Traditional Christmas festivities duly returned to England with Charles II in 1660, and while the Restoration's association with maypoles and 'Merry England' may have been overstated in the past, there is no doubt that most English people were very glad that their Christmas celebrations were once more acceptable. According to The Kingdom's Intelligencer, at Maidstone in Kent, where there had been no Christmas Day services for seventeen years, on December 25th, 1660, several sermons were preached and communion administered, 'to the joy of many hundred Christians'. On the Sunday before Christmas, Samuel Pepys' church in London was decorated with rosemary and bays; on the 25th Pepys attended morning service and returned home to a Christmas dinner of shoulder of mutton and chicken. Predictably, he slept through the afternoon sermon, but he had revived sufficiently by the evening to read and play his lute. The Buckinghamshire gentry family, the Verneys, resumed their celebrations on a grand scale; in 1664 a family friend wrote that:
... the news at Buckingham is that you will keep the best Christmas
in the shire, and to that end have bought more fruit and spice than half
the porters in London can weigh out in a day.
Perhaps even the Puritan minister Ralph Josselin was secretly relieved; by 1662 he was again preaching on Christmas Day, and on December 25th, 1667, he wrote in his diary:
Preached and feasted my tenants and all my children with joy.

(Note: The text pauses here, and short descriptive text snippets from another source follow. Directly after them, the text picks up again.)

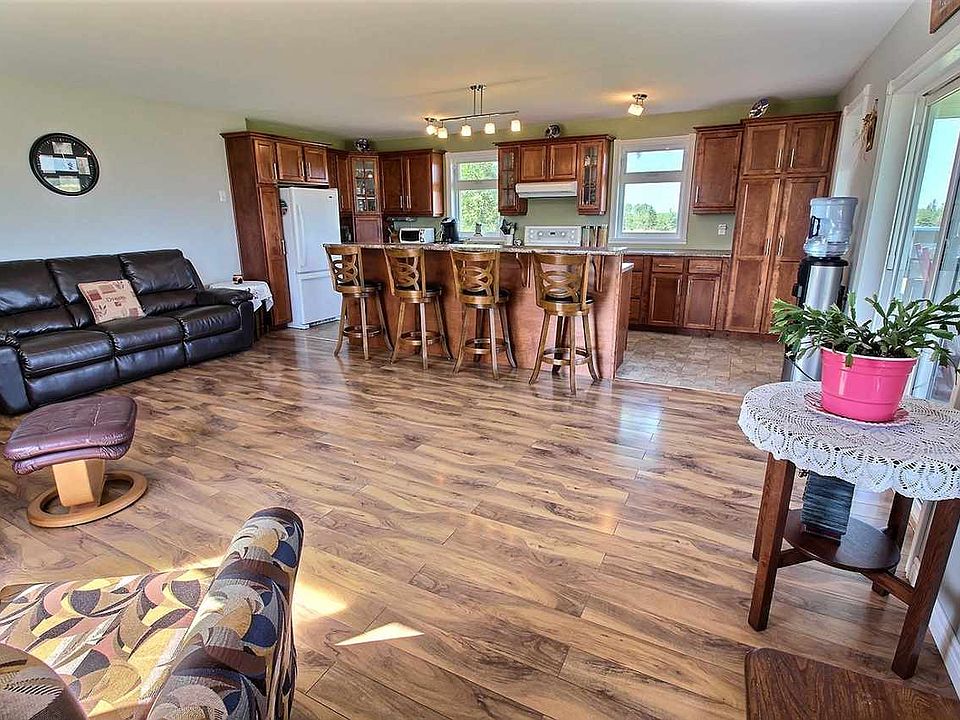 2nd image of 601 Monks Head Rd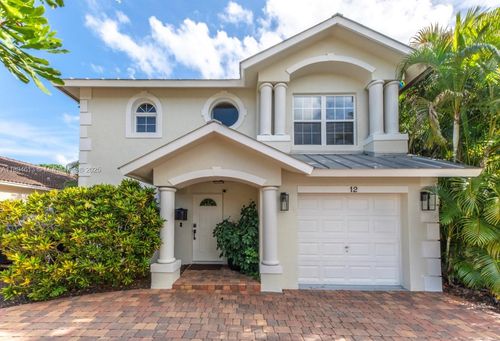 12 Ne 26th St, Wilton Manors, FL, 33305-1028 | Card Image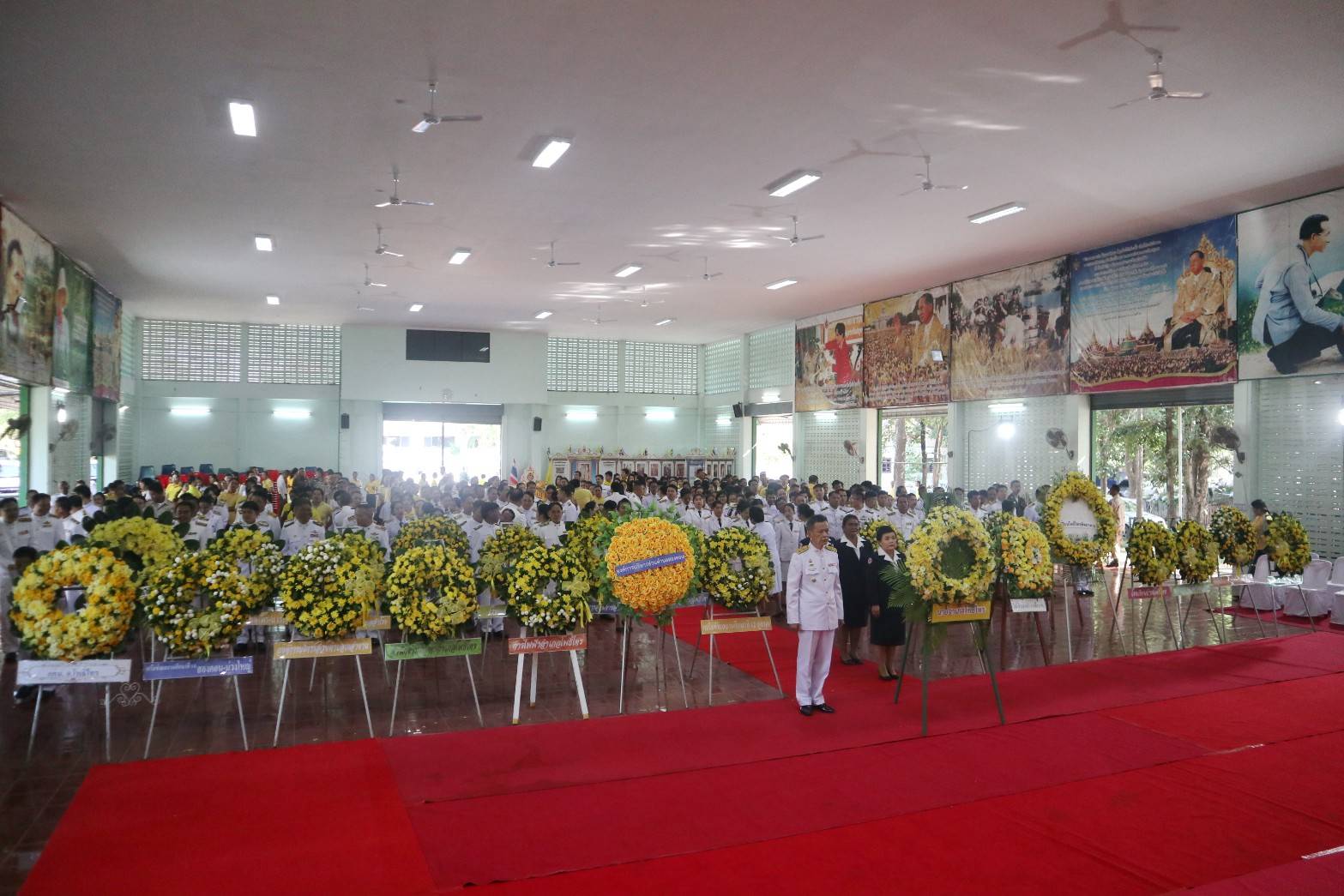 นางสาวหรรษา  ชิตกุล ประมงอำเภอโพธิ์ไทร  ร่วมพิธีบำเพ็ญกุศลและพิธีน้อมรำลึกเนื่องในวันคล้ายวันสวรรคตพระบาทสมเด็จพระบรมชนกาธิเบศร มหาภูมิพลอดุลยเดชมหาราช บรมนาถบพิตร..คลิก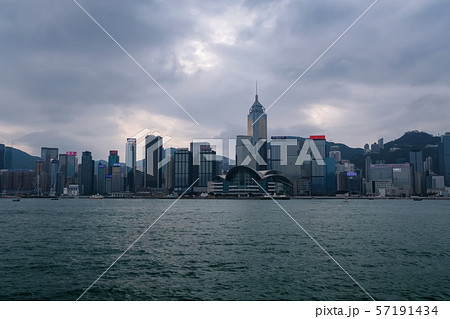 香港 ビクトリアハーバー 曇り空 香港 ビクトリアハーバー 曇り空 57191434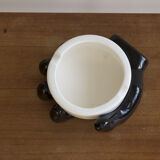 Hand ashtray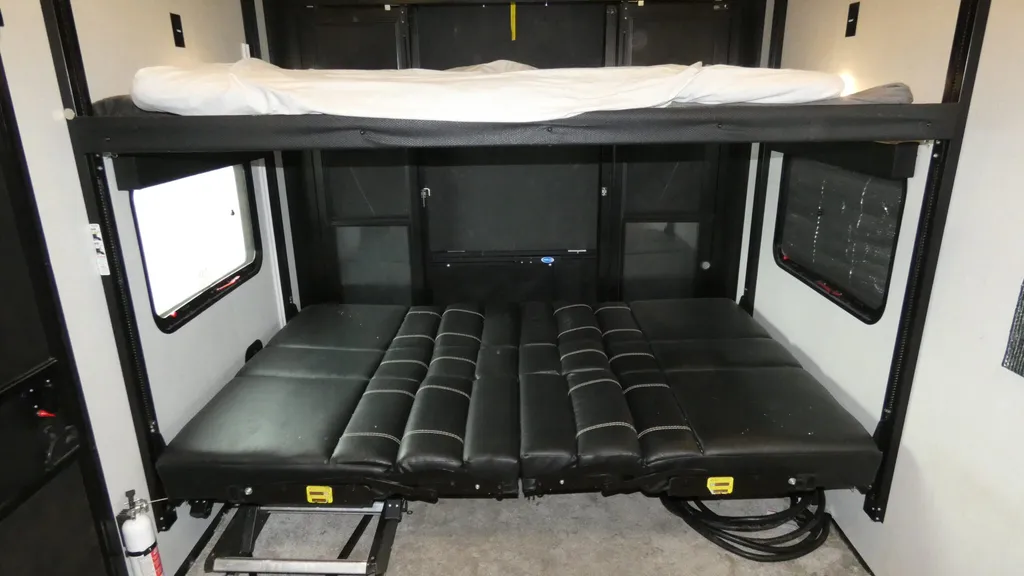 2023 Alliance RV Valor 42V13, Photos photo 32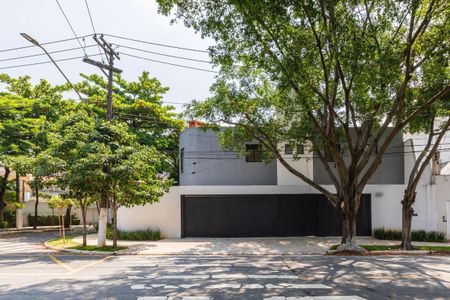 Casa à venda com 375m², 4 quartos e 3 vagas Casa à venda com 375m², 4 quartos e 3 vagasFoto 12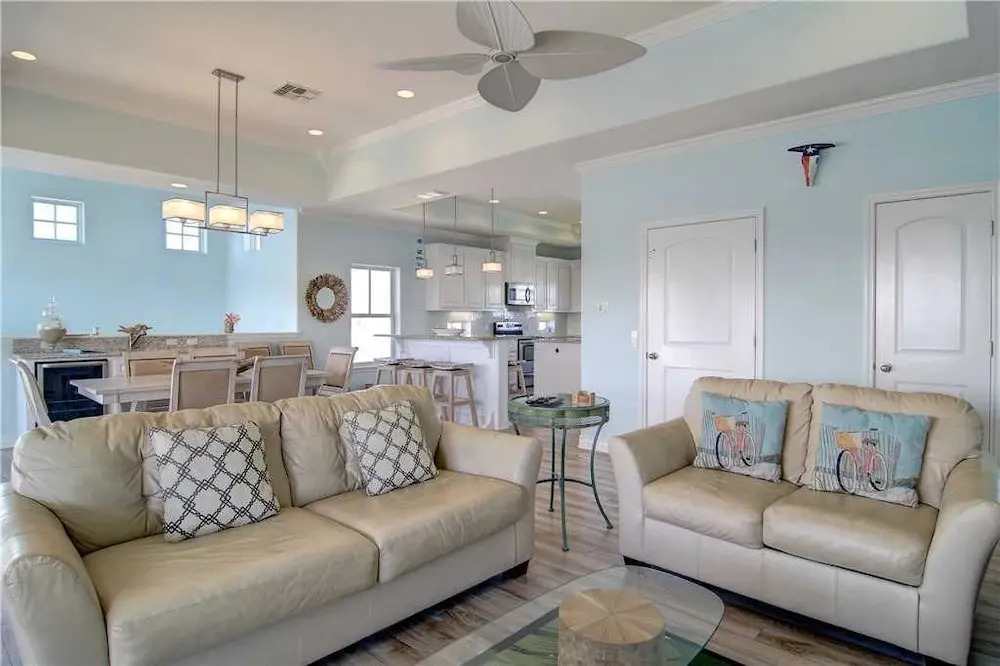 Beach Side - 5 Br Home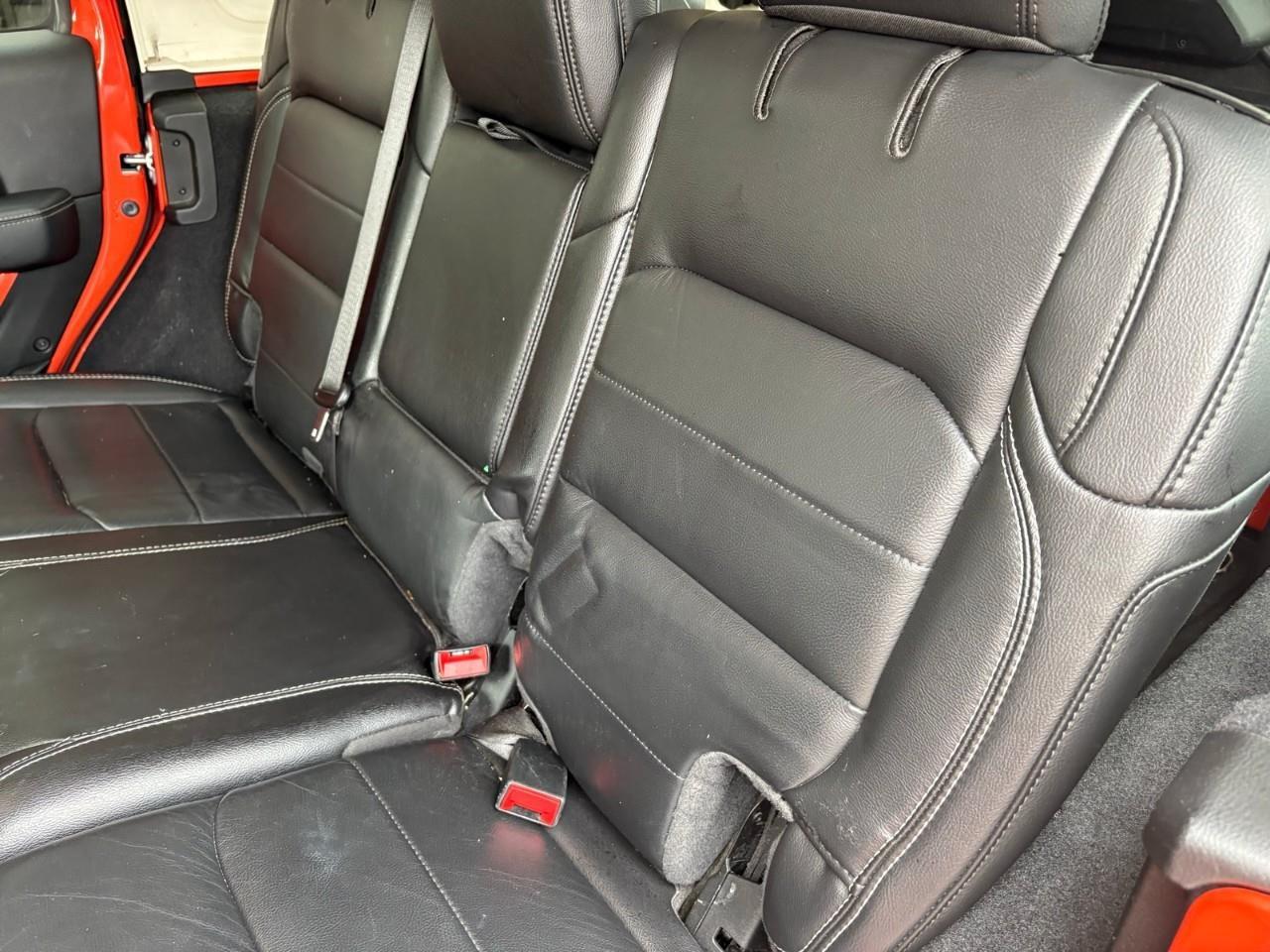 2020 Jeep WRANGLER UNLIMITED Sahara 4dr 4x4 Photo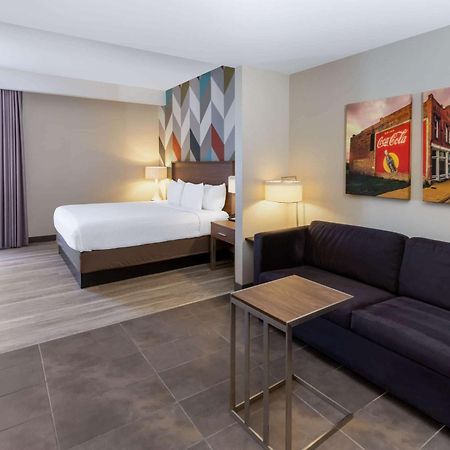 La Quinta Inn & Suites By Wyndham Tulsa Downtown - Route 66 Buitenkant foto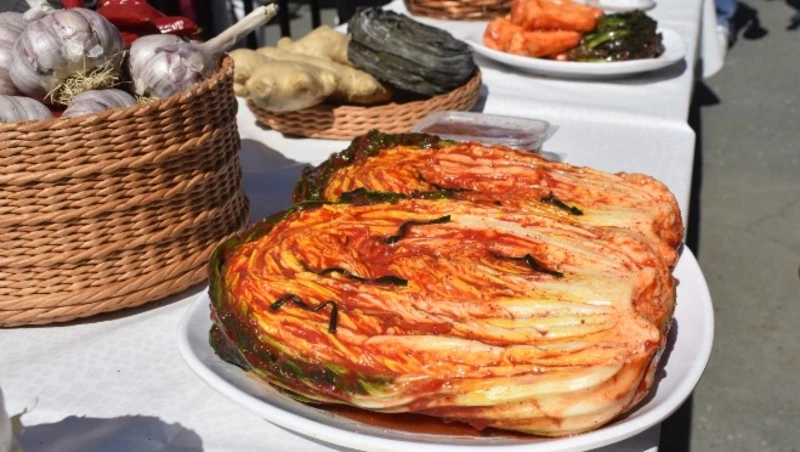 Фестиваль кимчи собрал фанатов корейской кухни в парке Южно-Сахалинска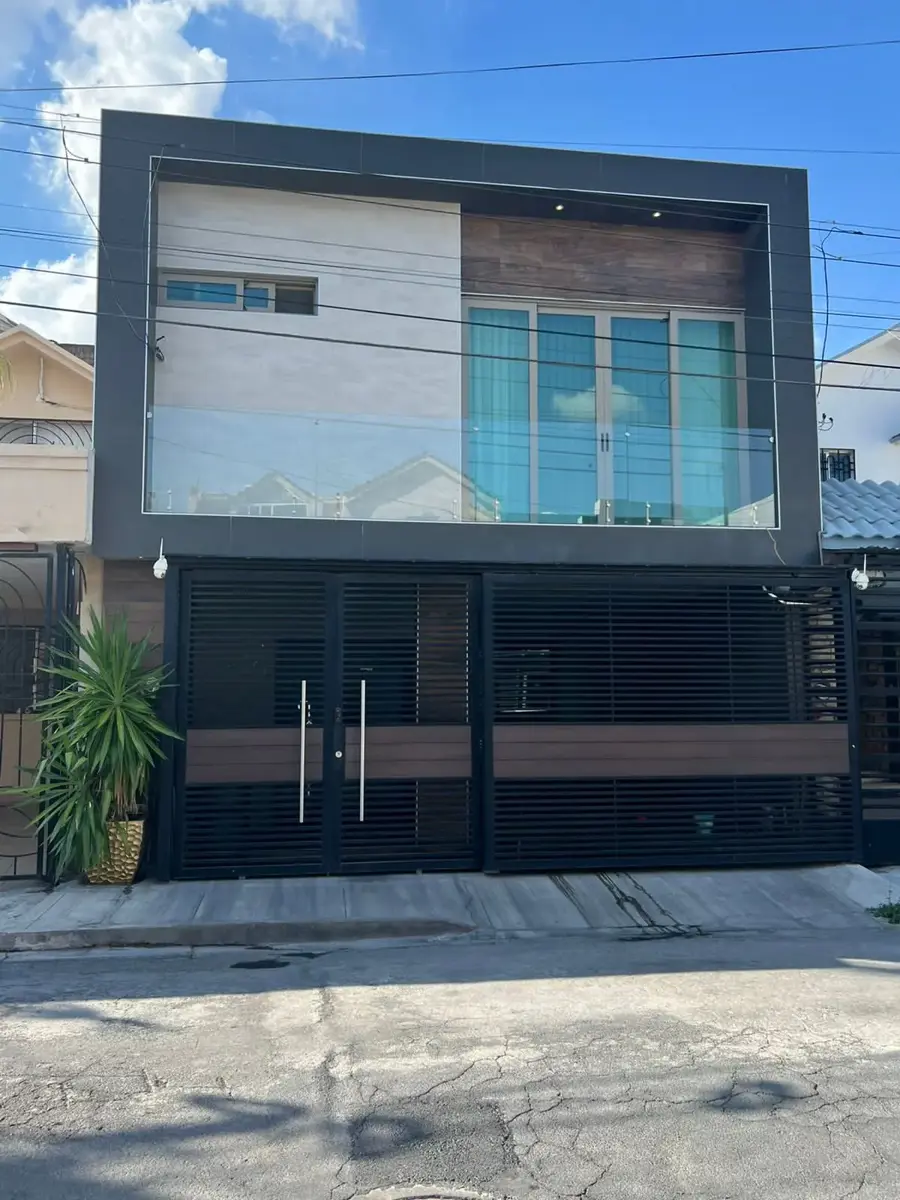Casa en venta en Potrero Anahuac, San Nicolás de los Garza — foto 1 de 19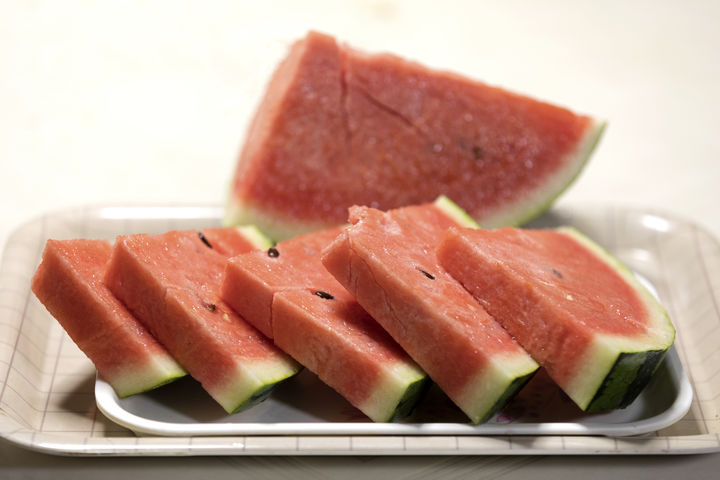 [서울=뉴시스] 최근 인도에서 발생한 일가족 사망 사건의 원인으로 '수박 식중독'이 지목되고 있다. (사진=유토이미지) *재판매 및 DB 금지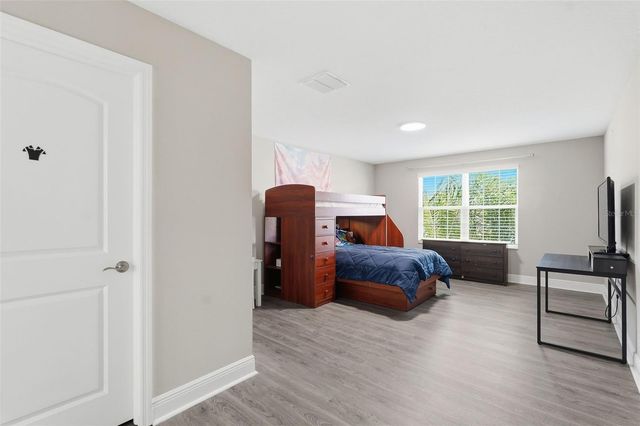 11002 SUNDRIFT DRIVE, Tampa, FL 33647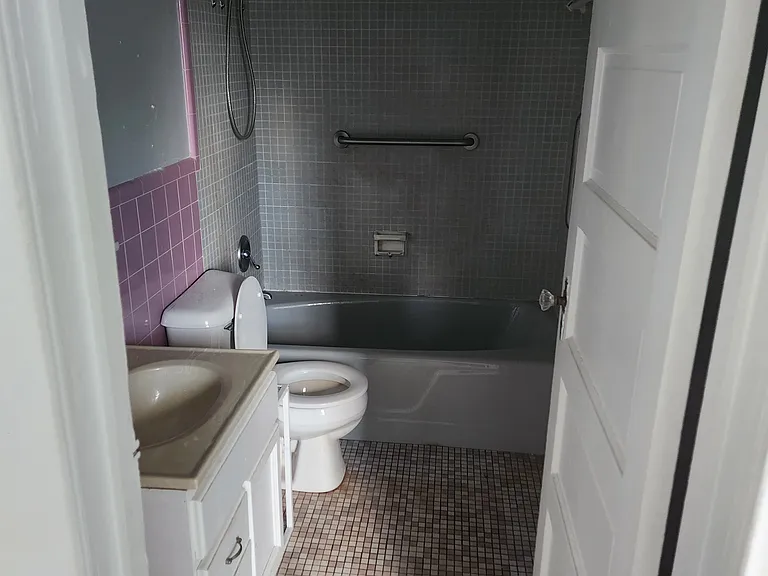 3701 Greenway Ct E — Photo 8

The revolt against Charles I in the 1640s was led originally by men who believed that his government was determined to outlaw their traditional Calvinist religious beliefs and eventually to reunite the Church of England with Rome. The events of the Civil War soon brought to prominence among the Parliamentarians many Puritans whose psychological makeup made them suspicious of geniality, contemptuous of excess and paranoid about the anarchic potential of carnival. It was these men who launched the attack on the traditional Christian festivals of the English calendar. However, by perceiving these essentially harmless and deeply cherished folk customs to be a threat, they succeeded only in alienating large numbers from the new regime they had established. John Morrill has recently pointed out that the Parliamentary colonel John Lambert came to see the English people's persistent attachment to Christmas as a symbol of their refusal to accept his revolution. Much the same view was expressed by one contemporary Parliamentary pamphleteer who reported that the Royalists 'cry unto the people':
What, pull down common-prayer, plum pottage and Whitsun ales;
Was there ever such a sacrilege and profaneness. Rather than so,
come along to battle.
They admitted that 'grand festivals and lesser holy-days... are the main things which the more ignorant and common sort among them do fight for'. The attack on Christmas was thus one of the Parliamentarians' biggest mistakes, and one which was ironically the result of anxieties, originally misconceived but ultimately self-fulfilling.